In Gettysburg we are told that the great address was “made over the bodies of slaves.” Puzzled, I tried to work out what was meant by this and did a considerable amount of research. Being a Pennsylvanian I could not understand how a slave-free state could have their bodies interred. What I did discover was the fact that nineteenth-century black men and women owned real estate in Gettysburg and that it was a crucial link in the Underground Railroad. After the Civil War three thousand Confederate white corpses were disinterred by free blacks and returned to their home states below the Mason-Dixon Line.
In the Deep South sweaty and scruffy Stephen Fry sees Floridians as “horrifically repellent,” visits a thoroughbred horse farm, and coaxes a Fry-esque quip out of a trainer: “If you believe in reincarnation you’d want to come back as a thoroughbred racehorse because you have sex four times a day.” A Kentucky horseman, who, like me, adores his country with the passion that makes Europeans distinctly uncomfortable, shows us a tattoo, prompting the very camp Fry to observe: “A refreshing bottom is a fine thing to have.”
Near the Woodford Reserve brewery in Kentucky, Fry submits to a haircut — hallelujah! — and he tells the assembled customers that Americans like to dress up as chickens. He cannot elicit a smile from the men. A beautiful little boy in the barber’s chair stares at him as if a Martian had arrived. Fry observes with a degree of awe the serenity of this child: it is something I always notice when I visit the U.S.: tots “yes, ma’am” their way through their world from dawn to dusk.

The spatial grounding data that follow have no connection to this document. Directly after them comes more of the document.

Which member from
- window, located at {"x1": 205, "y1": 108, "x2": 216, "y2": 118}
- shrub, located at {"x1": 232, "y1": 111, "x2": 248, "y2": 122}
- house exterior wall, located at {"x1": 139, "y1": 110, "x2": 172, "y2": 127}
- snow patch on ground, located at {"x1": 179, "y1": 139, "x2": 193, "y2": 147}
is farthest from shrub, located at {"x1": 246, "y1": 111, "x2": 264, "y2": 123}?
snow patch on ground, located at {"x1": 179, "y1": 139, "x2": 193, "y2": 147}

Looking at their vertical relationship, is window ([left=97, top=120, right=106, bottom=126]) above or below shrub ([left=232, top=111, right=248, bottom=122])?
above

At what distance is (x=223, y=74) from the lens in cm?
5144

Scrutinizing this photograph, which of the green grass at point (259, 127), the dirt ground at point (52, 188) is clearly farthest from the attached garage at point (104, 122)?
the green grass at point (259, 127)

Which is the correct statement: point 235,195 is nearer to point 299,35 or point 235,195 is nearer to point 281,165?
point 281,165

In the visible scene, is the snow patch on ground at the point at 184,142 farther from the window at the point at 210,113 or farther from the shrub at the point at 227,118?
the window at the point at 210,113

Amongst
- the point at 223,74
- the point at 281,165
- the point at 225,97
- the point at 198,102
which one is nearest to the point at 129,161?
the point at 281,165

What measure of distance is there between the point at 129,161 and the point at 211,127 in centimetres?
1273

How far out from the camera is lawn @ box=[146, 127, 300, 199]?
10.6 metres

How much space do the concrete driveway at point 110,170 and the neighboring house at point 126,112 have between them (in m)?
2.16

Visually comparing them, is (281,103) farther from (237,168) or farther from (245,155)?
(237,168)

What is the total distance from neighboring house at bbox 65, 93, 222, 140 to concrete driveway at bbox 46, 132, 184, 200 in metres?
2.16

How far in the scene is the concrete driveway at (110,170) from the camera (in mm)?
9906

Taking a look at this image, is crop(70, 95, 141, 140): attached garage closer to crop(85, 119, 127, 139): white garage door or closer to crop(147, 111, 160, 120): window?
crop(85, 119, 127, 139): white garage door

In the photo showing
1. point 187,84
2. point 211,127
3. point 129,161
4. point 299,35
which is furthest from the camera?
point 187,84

To my utter horror, the sum total of Fry’s journey to Tennessee comprises a visit to a “body farm.” In a grotesque sequence he is taken through the bowels of the Tennessee Department of Forensic Anthropology. I think this overview of the birthplace of country music tells us more about the troubled state of Stephen Fry’s head than of the state of Tennessee.
Thank goodness there is one redeeming feature in the Southern sojourn: Fry appreciates the delicacy that is sweet potato pie covered in a crust of marshmallows on Thanksgiving Day, and to their everlasting credit the BBC allows the viewers to take in a full rendition of “America the Beautiful” sung by the family hosting him in Georgia.

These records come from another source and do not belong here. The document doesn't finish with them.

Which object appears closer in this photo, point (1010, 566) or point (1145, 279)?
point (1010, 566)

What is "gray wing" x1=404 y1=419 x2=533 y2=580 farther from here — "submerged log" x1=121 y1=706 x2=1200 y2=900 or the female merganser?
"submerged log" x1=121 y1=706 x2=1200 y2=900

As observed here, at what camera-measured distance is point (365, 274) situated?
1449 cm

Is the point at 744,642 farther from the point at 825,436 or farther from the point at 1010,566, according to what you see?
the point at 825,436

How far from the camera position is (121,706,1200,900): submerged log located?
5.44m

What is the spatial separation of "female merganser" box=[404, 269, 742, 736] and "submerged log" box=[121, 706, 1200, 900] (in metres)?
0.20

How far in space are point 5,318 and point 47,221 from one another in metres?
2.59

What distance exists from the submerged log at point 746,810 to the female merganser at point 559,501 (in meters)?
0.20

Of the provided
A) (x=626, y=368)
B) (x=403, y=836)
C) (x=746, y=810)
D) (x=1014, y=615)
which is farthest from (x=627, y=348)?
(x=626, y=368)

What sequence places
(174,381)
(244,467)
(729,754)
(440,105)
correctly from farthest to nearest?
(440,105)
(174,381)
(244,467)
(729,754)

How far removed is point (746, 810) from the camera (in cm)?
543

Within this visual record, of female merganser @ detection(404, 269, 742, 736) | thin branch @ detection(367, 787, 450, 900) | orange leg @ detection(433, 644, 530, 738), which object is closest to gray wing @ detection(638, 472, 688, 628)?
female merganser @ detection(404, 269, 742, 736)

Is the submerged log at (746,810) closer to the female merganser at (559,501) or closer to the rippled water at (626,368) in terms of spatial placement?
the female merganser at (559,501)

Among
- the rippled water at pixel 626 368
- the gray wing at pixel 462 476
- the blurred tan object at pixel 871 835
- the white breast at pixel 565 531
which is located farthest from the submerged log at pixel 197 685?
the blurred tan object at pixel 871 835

Fry’s American moment of joy is short-lived because he launches into a hate-fest in Florida. He refers to Miami as a “hole” with “horrible, horrible concrete buildings,” adding that Miami Beach is “not quite as revolting as Miami.” He obviously hates seaside resorts because he feels they are all the same: “dreary things like palm trees and cut-out parrots that promise so much and deliver so staggeringly little.” He wants us to know that Miami Beach’s beautiful people “actually look staggeringly ugly” and as the camera glimpses some folks who do look healthier than Fry, he adds, “I would rather sip Horlicks than spend half an hour in this rotting place.” Hello? Has Stephen visited Southend-on-Sea? Cromer? In a dance hall frequented by elderly Jewish widows accompanied by rather dashing gigolos, he says he finds the place “my idea of hell” and “so horrifically repellent.”

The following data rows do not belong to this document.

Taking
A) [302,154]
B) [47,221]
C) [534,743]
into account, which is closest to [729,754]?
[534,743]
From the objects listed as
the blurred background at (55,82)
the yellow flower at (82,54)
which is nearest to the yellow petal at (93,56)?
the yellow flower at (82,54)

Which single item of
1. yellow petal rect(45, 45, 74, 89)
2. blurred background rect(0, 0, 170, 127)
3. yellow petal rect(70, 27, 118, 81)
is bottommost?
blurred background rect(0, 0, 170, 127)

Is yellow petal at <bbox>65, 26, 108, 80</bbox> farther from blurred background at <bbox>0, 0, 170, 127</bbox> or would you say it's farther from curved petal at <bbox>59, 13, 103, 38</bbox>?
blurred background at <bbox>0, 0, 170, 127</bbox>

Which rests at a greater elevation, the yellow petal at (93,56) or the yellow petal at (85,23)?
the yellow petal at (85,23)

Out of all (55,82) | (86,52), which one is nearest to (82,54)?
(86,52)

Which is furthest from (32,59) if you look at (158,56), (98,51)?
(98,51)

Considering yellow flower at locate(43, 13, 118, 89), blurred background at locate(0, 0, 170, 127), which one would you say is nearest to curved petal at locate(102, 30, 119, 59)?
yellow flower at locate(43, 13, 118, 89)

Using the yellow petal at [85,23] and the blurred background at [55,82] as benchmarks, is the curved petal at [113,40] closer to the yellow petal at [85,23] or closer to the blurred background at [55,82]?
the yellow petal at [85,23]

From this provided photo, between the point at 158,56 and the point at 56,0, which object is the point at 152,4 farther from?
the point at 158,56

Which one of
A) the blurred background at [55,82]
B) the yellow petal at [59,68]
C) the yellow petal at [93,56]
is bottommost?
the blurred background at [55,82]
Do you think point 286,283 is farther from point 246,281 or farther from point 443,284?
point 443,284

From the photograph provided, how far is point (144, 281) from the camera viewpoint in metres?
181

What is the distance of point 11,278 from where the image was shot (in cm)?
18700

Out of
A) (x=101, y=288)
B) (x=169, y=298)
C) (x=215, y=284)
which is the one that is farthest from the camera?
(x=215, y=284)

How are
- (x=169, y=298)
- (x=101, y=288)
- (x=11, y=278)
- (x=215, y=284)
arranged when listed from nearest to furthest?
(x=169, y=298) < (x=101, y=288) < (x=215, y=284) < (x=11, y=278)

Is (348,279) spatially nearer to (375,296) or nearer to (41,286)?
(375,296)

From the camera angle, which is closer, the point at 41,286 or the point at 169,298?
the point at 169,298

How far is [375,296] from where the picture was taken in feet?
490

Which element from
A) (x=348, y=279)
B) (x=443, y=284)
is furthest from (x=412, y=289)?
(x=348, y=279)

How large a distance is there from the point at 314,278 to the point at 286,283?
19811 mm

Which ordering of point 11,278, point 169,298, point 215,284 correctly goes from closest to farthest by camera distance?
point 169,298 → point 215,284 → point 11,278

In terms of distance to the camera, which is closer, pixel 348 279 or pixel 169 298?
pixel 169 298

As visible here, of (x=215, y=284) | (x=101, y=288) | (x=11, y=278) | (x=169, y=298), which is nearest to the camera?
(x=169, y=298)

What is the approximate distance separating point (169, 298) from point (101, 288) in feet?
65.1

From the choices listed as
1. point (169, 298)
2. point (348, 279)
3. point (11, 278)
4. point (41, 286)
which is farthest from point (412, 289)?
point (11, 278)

At a varsity football game in Alabama we can see that Stephen Fry is, deep down inside, touched by the camaraderie of the occasion: we know the well-behaved crowd of tens of thousands of youngsters and their adoring families and cheerleaders will go home unscathed and sober. Fry calls this “preposterous, laughable, wonderful” and does look moved when the crowd sings “God Bless America.”
Having taken us across a swathe of states with little reference to their respective places in American history, but alongside voodoo practitioners and many an oddball, Fry goes to New Orleans, where he visits the Ninth Ward: in conversation with a local civic activist he registers that had the area been white the homes, “left to rot,” would have been rebuilt by now. (I would like to set this challenge to President Obama: please make life better for your people. When I visited South Africa in 1997, Alexandra Township was a squalid hellhole not fit even for hogs. Nothing has improved for black Africa under Mandela, Mbeki, or Mugabe. As Stephen Fry uses New Orleans to illustrate how little a white leader, George W. Bush, cared about African-Americans, I ask Barack Obama, in the words of Emma Lazarus, to lift a lamp beside the golden door for black America.)
At Burl Cain’s Angola prison in Louisiana, “a hopeless place,” there is “more suffering here than anywhere else in America.” I met Burl at a 2007 conference and thought the hope he was offering the inmates was the point of his prison transformation. He told us that hardened murderers pursue creative enterprises, have lively church meetings and family visits, whilst growing everything they eat on an acreage as big as Manhattan. Because of alligators, pythons, and bloodhounds no one escapes, but the “community” created by Cain is the envy of the prison system. Admittedly Britain’s exploding prison population hasn’t the Louisiana sunshine, but the world could learn something from this peaceable kingdom.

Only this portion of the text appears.